The third session was in some respects the easiest: Modern and Contemporary Scottish Literature. Pick up where the first session ended, with RLS, Scottish to the bone and marrow, international traveller, intrinsically optimistic in his curiosity, essentially open to a range of different readerships in his forms of address. Then consider the cataclysmic disruptions of the First World War, Ireland, Russia, and the long walk towards independence in India. Violet Jacob’s poems from India had an airing. We noted Joyce, Eliot, MacDiarmid in 1922. We saw how poems, journalism, anthologies, writing of all kinds, were engaged in re-definitions of self and potential. I read and translated MacDiarmid’s poem The Sauchs in the Reuch Heuch Hauch and had the whole class reciting it, delighted at their own new-found ability to be fluent in Scots. Then we came to after WWII, with that generation of pre-eminent men: Iain Crichton Smith, George Mackay Brown, Norman MacCaig, and Edwin Morgan leading on to another generation of pre-eminent women: Liz Lochhead, Kathleen Jamie, Jackie Kay. We looked at other genres: Lewis Grassic Gibbon’s prose fiction of the 1930s, John McGrath’s historical drama, The Cheviot, the Stag and the Black, Black Oil of the 1970s, and Alasdair Gray’s novel Lanark (1981). The third class tied back to the second and first and together all three formed a resumé of the entire course the students had been on since the beginning of the year.

Among their course texts had been Scott’s Waverley, Stevenson’s Kidnapped, Barrie’s Peter Pan and Spark’s Jean Brodie. The texts I brought were designed to overlap, complement, open out from them, and suggest various ways of reading across a wider range that might help.

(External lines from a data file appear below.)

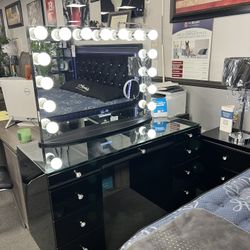 Black Impressions Vanity w/ Bluetooth 🔊🔊 💥Limited Time Special💥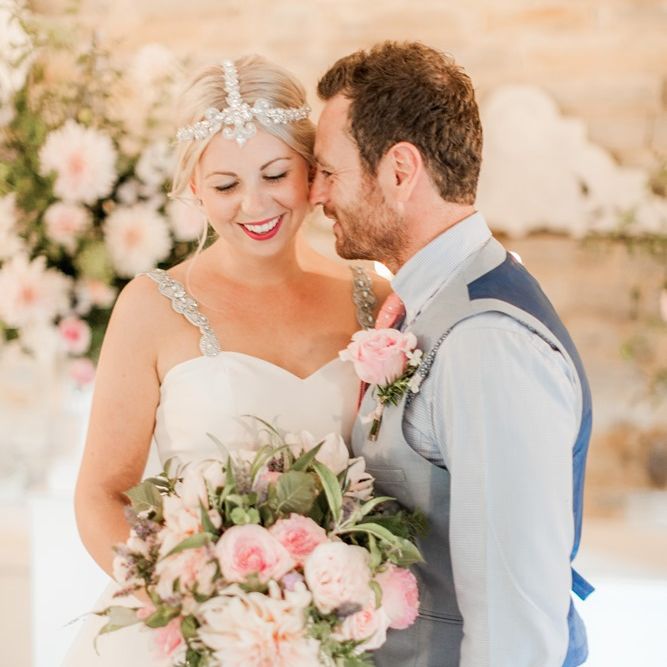 Images by <a href="https://www.naomikenton.com" target="_blank">Naomi Kenton</a>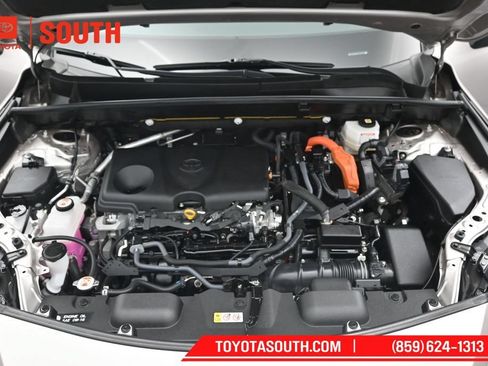 Used 2023 Toyota Venza LE AWD/4WD image 37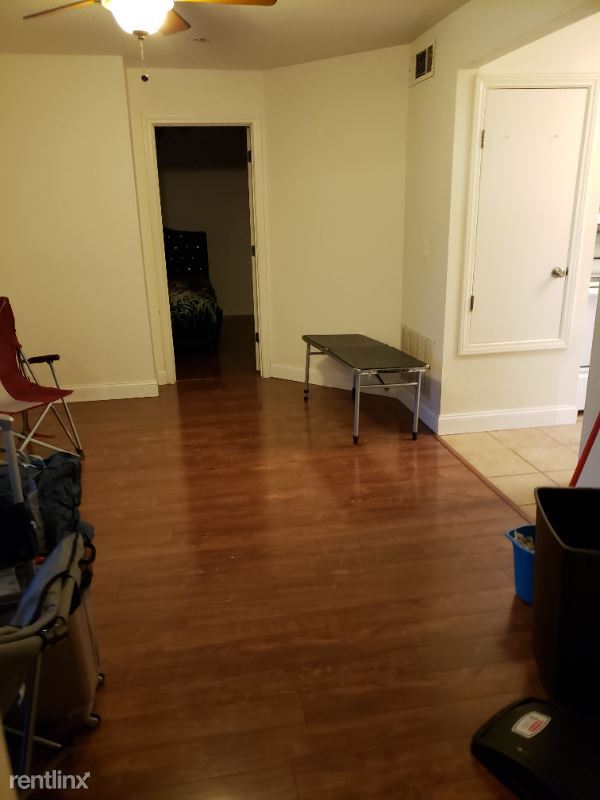 Building Photo - 2 br, 2 bath Condo - 1922 Las Palmas Lane ...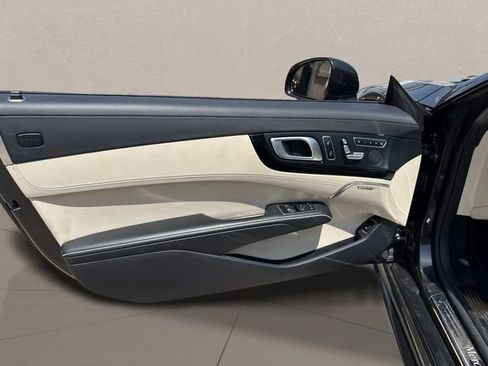 Used 2020 Mercedes-Benz SL 550 image 6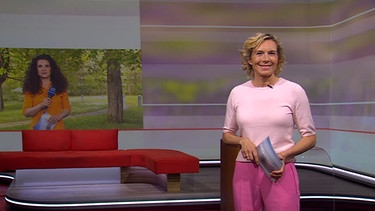 Julia Büchler moderiert die Frankenschau aktuell und Rika Dechant ist im Hintergrund bereit, dass Wetter zu präsentieren. | Bild: BR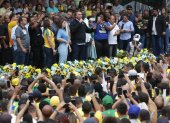 El presidente brasileño Jair Bolsonaro (c), participa en un acto de campaña, el viernes 14 de octubre, en la ciudad de Duque de Caxias, en Río de Janeiro.
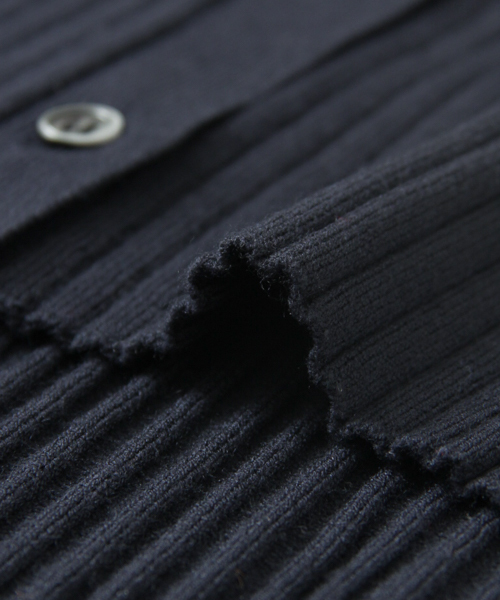 URBAN RESEARCH(アーバンリサーチ)の「UR リブVネックカーディガン(カーディガン/ボレロ・レディース・レッド/ネイビー/アイボリー・FREE)」の8枚目の写真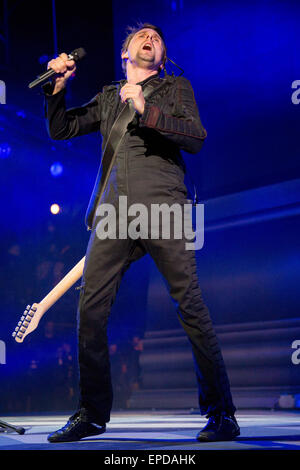 Irvine, Californie, USA. 17 mai, 2015. MATTHEW BELLAMY de Muse musicien il se produit au cours de la Fiesta Y KROQ Weenie Roast à Irvine Meadows Amphitheater à Irvine, Californie Crédit : Daniel DeSlover/ZUMA/Alamy Fil Live News Banque D'Images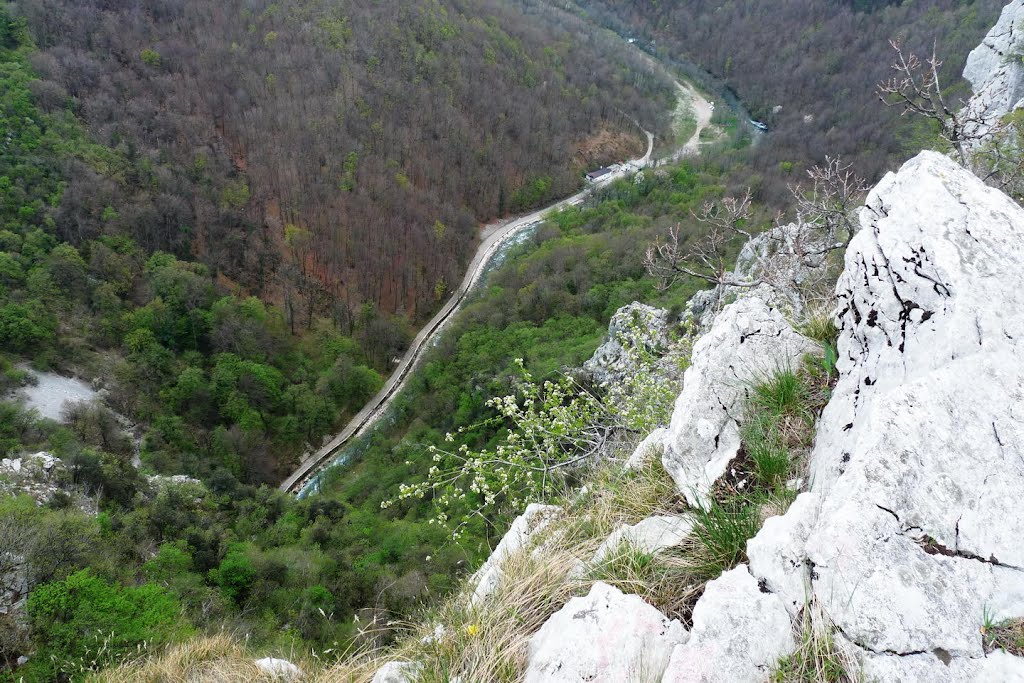 Pogled na Rječinu by Damir Simunić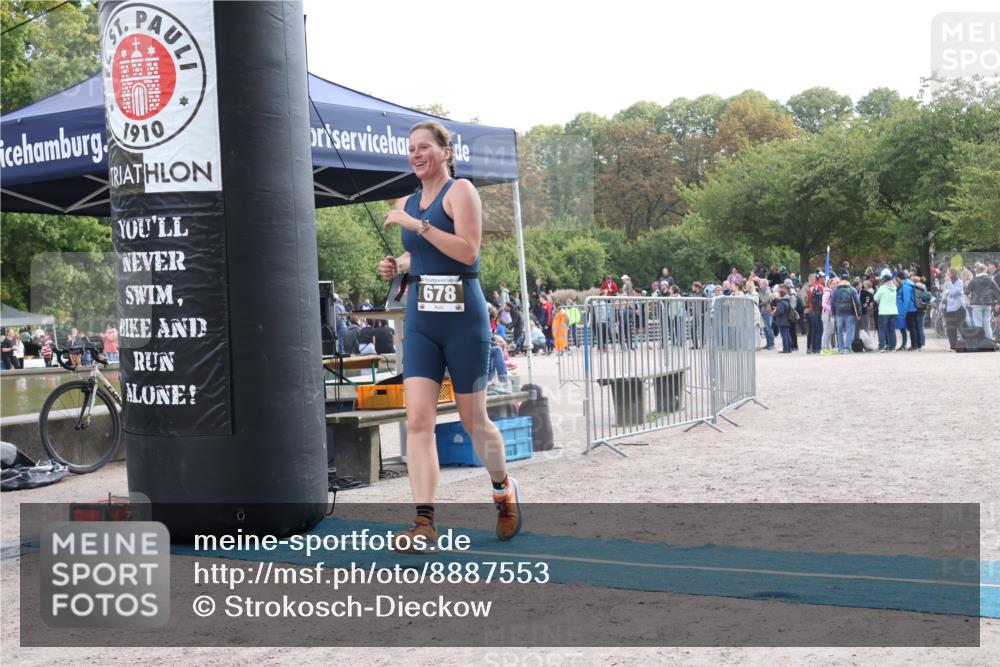 14.09.2025 - Stadtparktriathlon Strokosch-Dieckow http://msf.ph/oto/8887553 14.09.2025 11:42:52 Ziel 678, 762 meine-sportfotos.de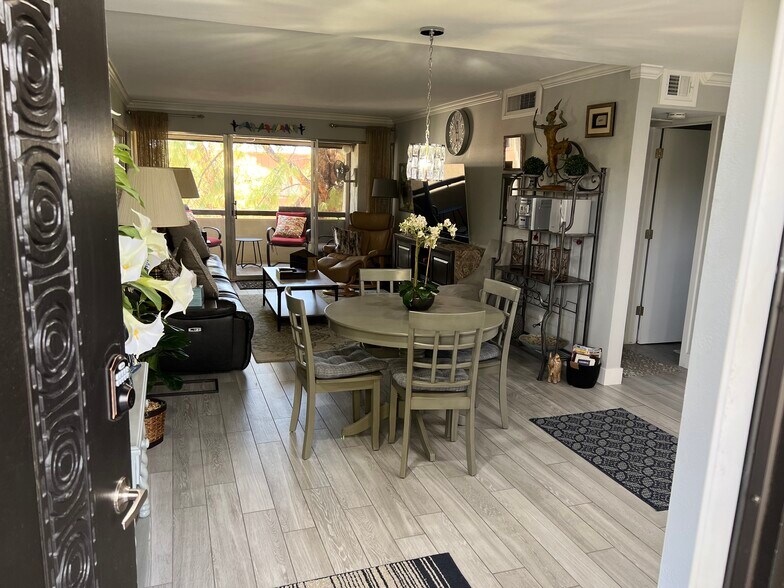 entrance into condo - 7625 E Camelback Rd
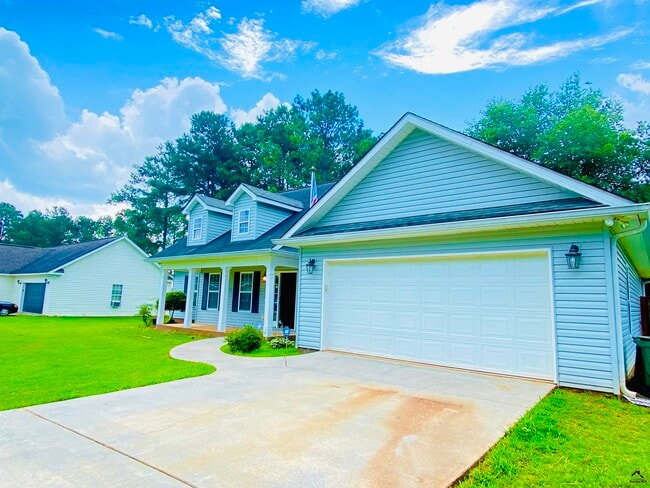 Photo - 202 Chimney Rock Rd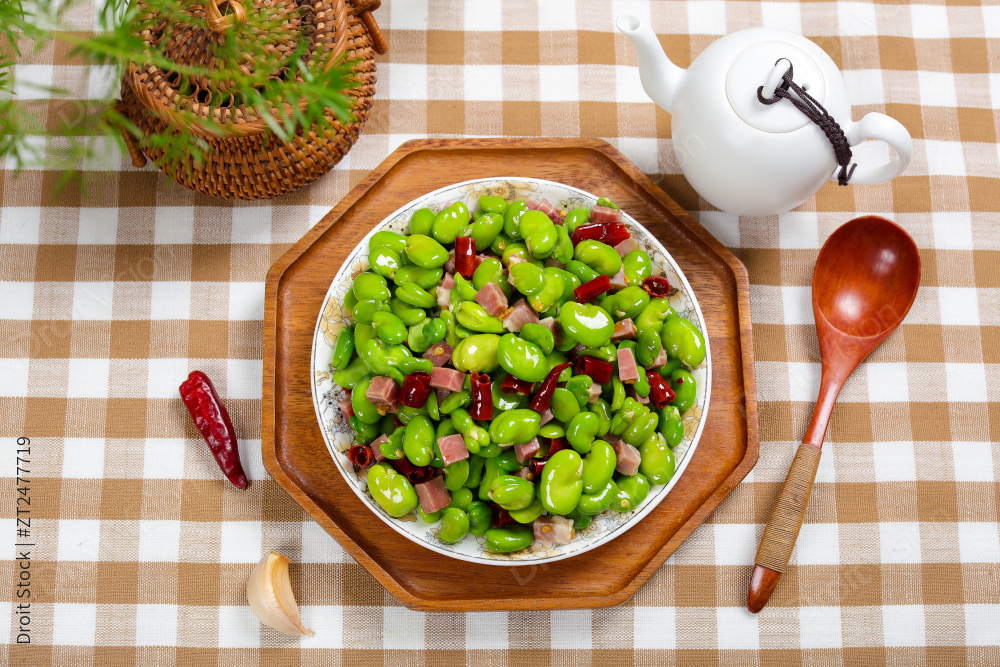 蚕豆仁炒火腿丁图片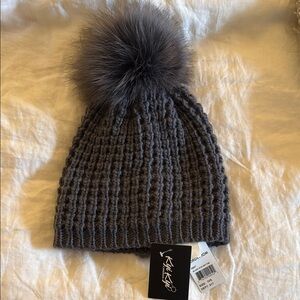 Kyi Kyi Gray Knit Beanie with Fur Pom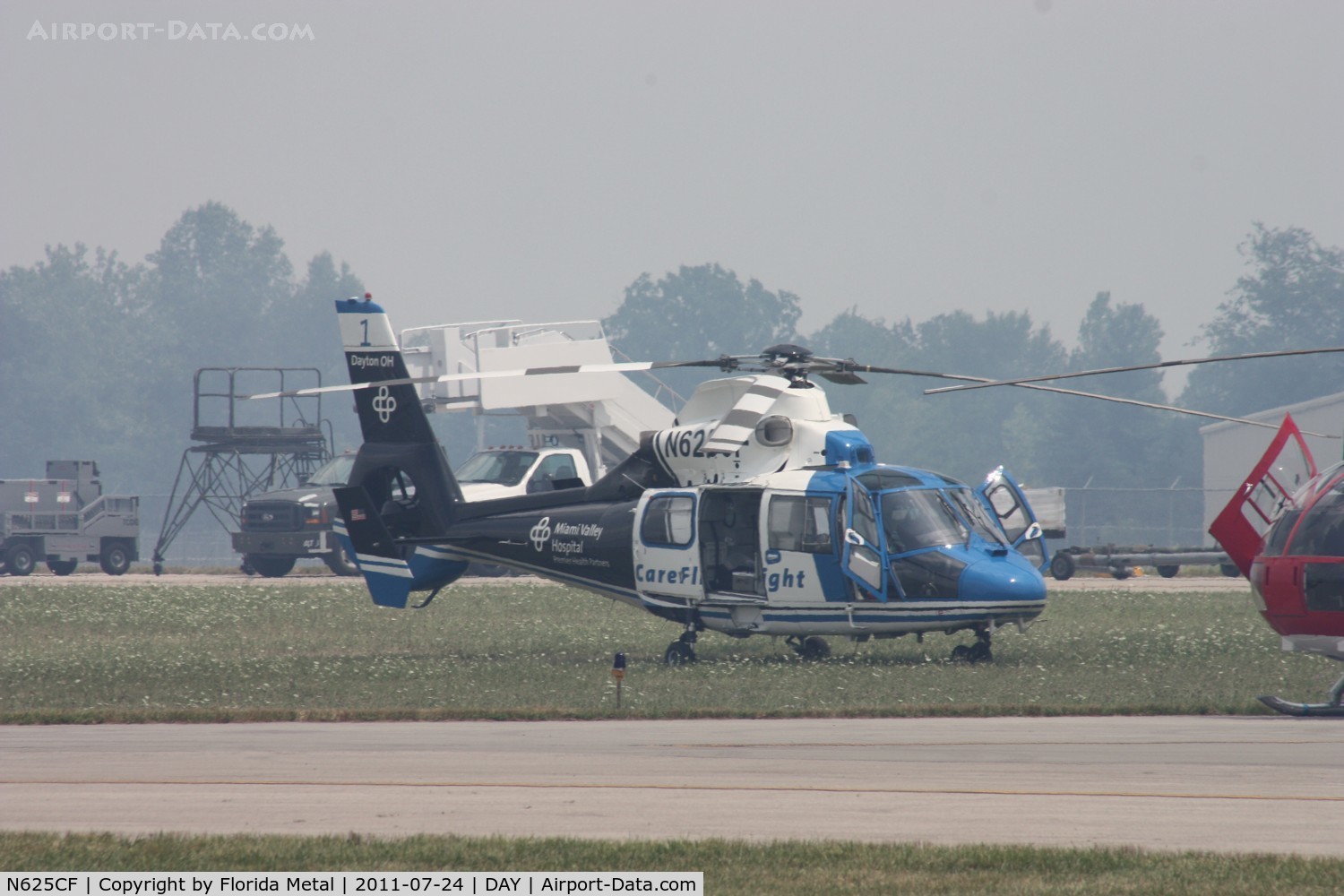 N625CF, 2001 Eurocopter AS-365N-3 Dauphin 2 C/N 6596, AS 365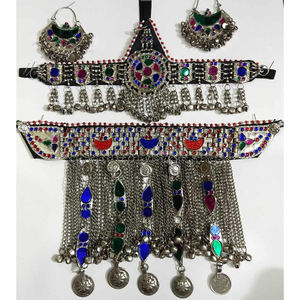 Design unique brodé Afghani Kuchi en acier inoxydable 3 pièces ensemble de bijoux vintage pour femmes pour les occasions de fête - Product Image 2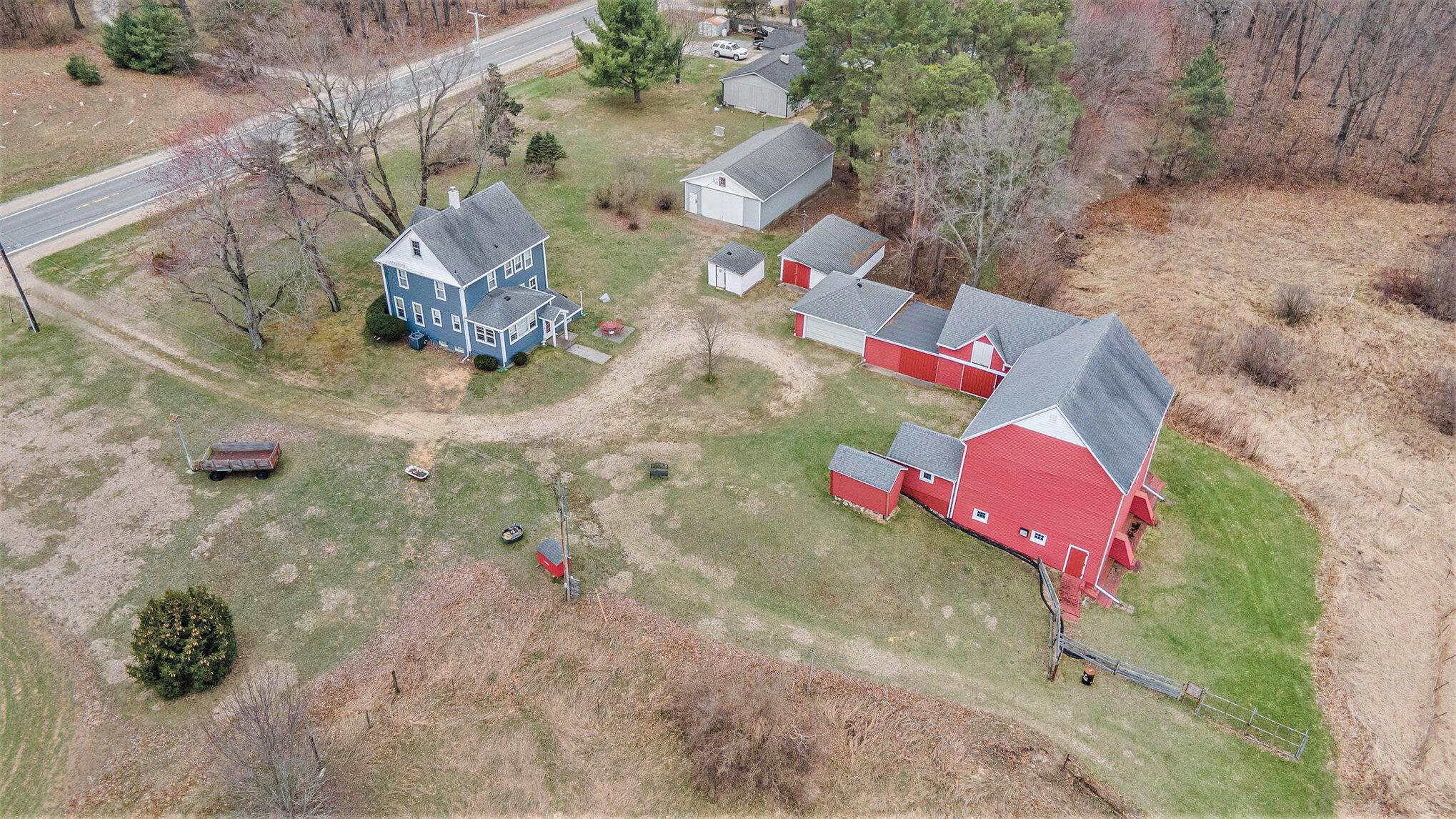 Fennville, Michigan, 49408, United States, 4 Bedrooms Bedrooms, ,4 BathroomsBathrooms,Residential,For Sale,1766735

At the end of the week, Professor Deb Narayan Bandyopadhyay gave me some details about his own commitment to the Scottish literature course. Most literature taught in India, he said, is traditionally canonical English literature, with extra and optional courses in American, “New Literatures” and of course literatures in Bengali and Gujarati. Some scepticism from certain quarters had met his proposal to teach Scottish literature as a discrete subject. He had persevered with it for two reasons: first, there was no question about the quality of the material being as good as anything else; and also, the whole history of India and the country’s relation to the British Empire was the context for studying the arts of his country. Now, increasingly, this also was understood to be the context for the study of Scottish literature. Such a course would be a study of literature, intrinsically, but it would also prompt questions about political history and future potential that need answers in the world we live in now. These answers only come through art. That value should be evident to anyone, he said.

But I’d been reading Gandhi’s autobiography (1929), and marked out for emphasis three quotations: “I realized that the sole aim of journalism should be of service. The newspaper is a great power, but just as an unchained torrent of water submerges a whole countryside and devastates crops, even so an uncontrolled pen serves but to destroy. If the control is from without, it proves more poisonous than want of control. It can be profitable only when exercised from within.”

Then there was the warning: “What surprised me then, and what still continues to fill me with surprise, was the fact that a province that had furnished the largest number of soldiers to the British Government during the war, should have taken all these brutal excesses lying down… [Now] the reader [will be able] to see to what lengths the British Government is capable of going, and what inhumanities and barbarities it is capable of perpetrating in order to maintain its power.”

And finally, there was the point of principle embedded in resistance: “It was clear that a new word must be coined by the Indians to designate their struggle … Maganial Gandhi coined the word “Sadagraha” (Sat = truth, Agraha = firmness) … But in order to make it clearer I changed the word to “Satyagraha” which has since become current in Gujarati as a designation for the struggle.” This implies not only “passive resistance” or “civil disobedience” but what is at the core of things that makes it all worthwhile.

India became an independent country at midnight on 15 August 1947. Nearly 70 years ago. A few folk genially said, “You have some catching up to do, in Scotland.”